[Opening MATERIAL SUPPLIED section]

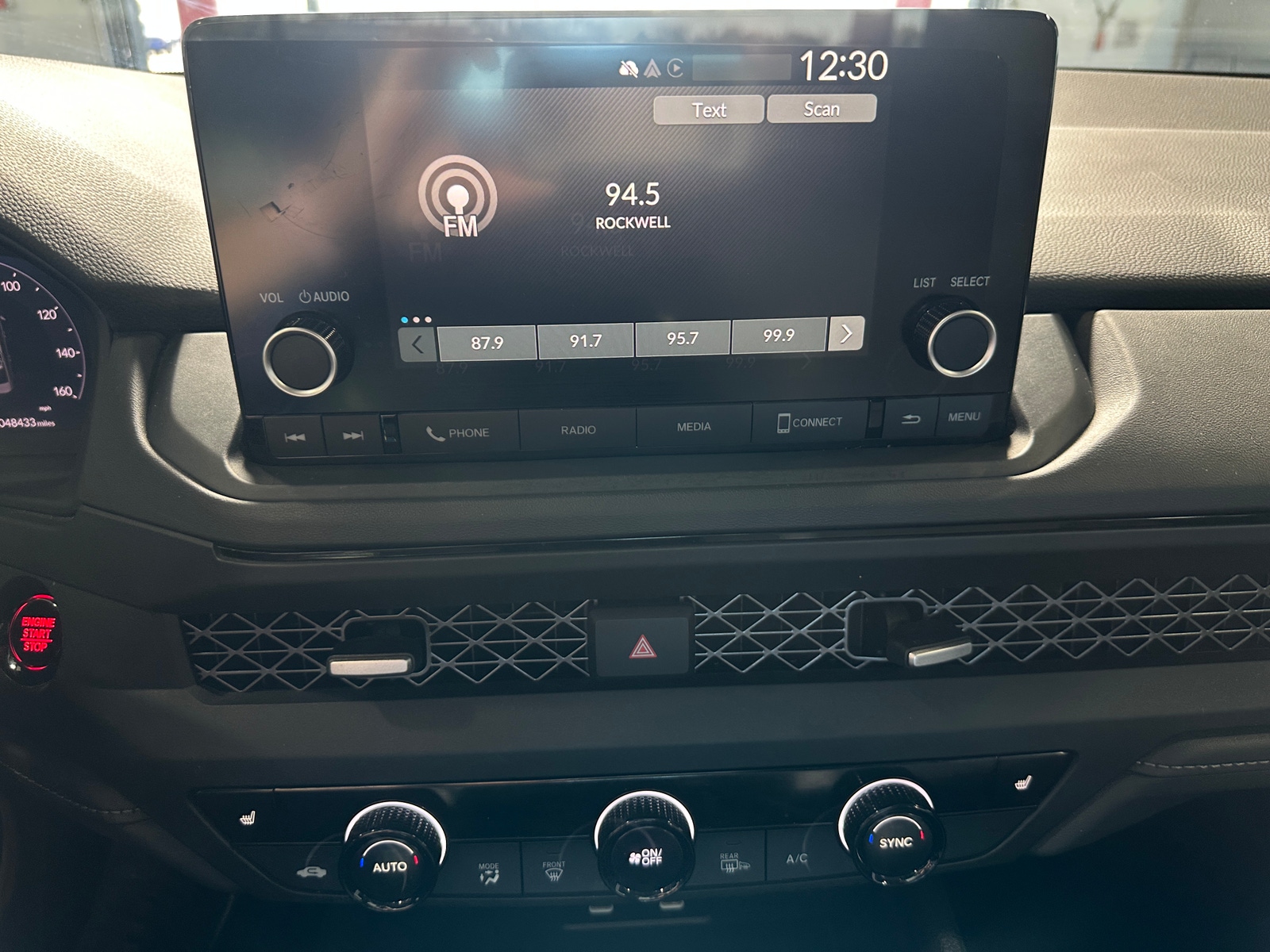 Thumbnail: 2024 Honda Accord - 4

[Closing MATERIAL SUPPLIED section]
[Opening MATERIAL SUPPLIED section]

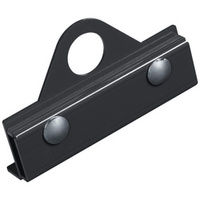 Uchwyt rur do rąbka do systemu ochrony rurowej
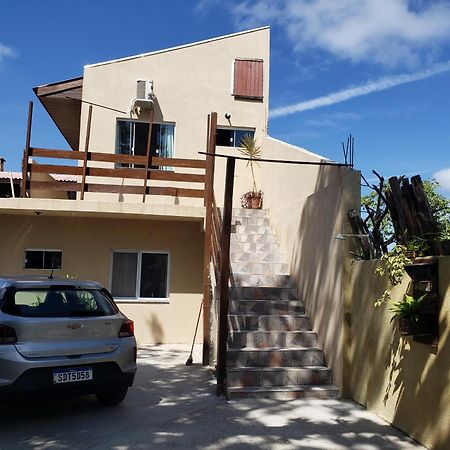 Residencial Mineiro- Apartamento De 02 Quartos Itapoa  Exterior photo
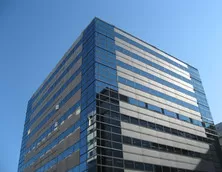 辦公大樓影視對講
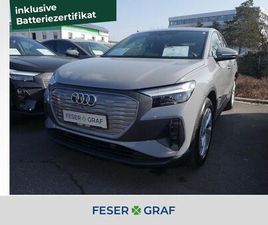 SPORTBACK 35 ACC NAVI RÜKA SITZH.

[Closing MATERIAL SUPPLIED section]
[Opening MATERIAL SUPPLIED section]

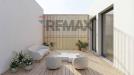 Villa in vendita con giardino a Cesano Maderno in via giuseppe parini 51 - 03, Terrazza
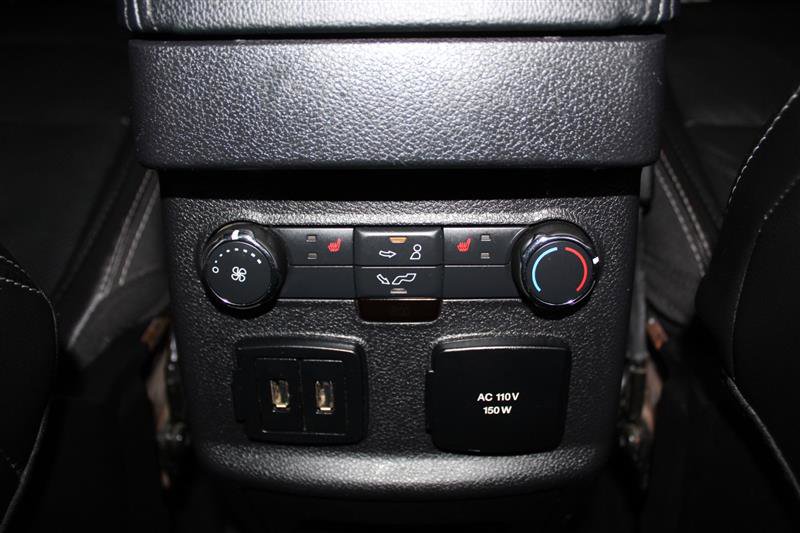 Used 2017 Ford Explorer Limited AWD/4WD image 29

[Closing MATERIAL SUPPLIED section]

ASSIGNED TASK: Starting with the line above that holds "Residencial Mineiro- Apartamento", restate each line word for word up to and including the line that holds "SPORTBACK 35 ACC NAVI RÜKA SITZH.". Drop the pictures.

COMPLETED TASK:
 Residencial Mineiro- Apartamento De 02 Quartos Itapoa  Exterior photo
 辦公大樓影視對講
 SPORTBACK 35 ACC NAVI RÜKA SITZH.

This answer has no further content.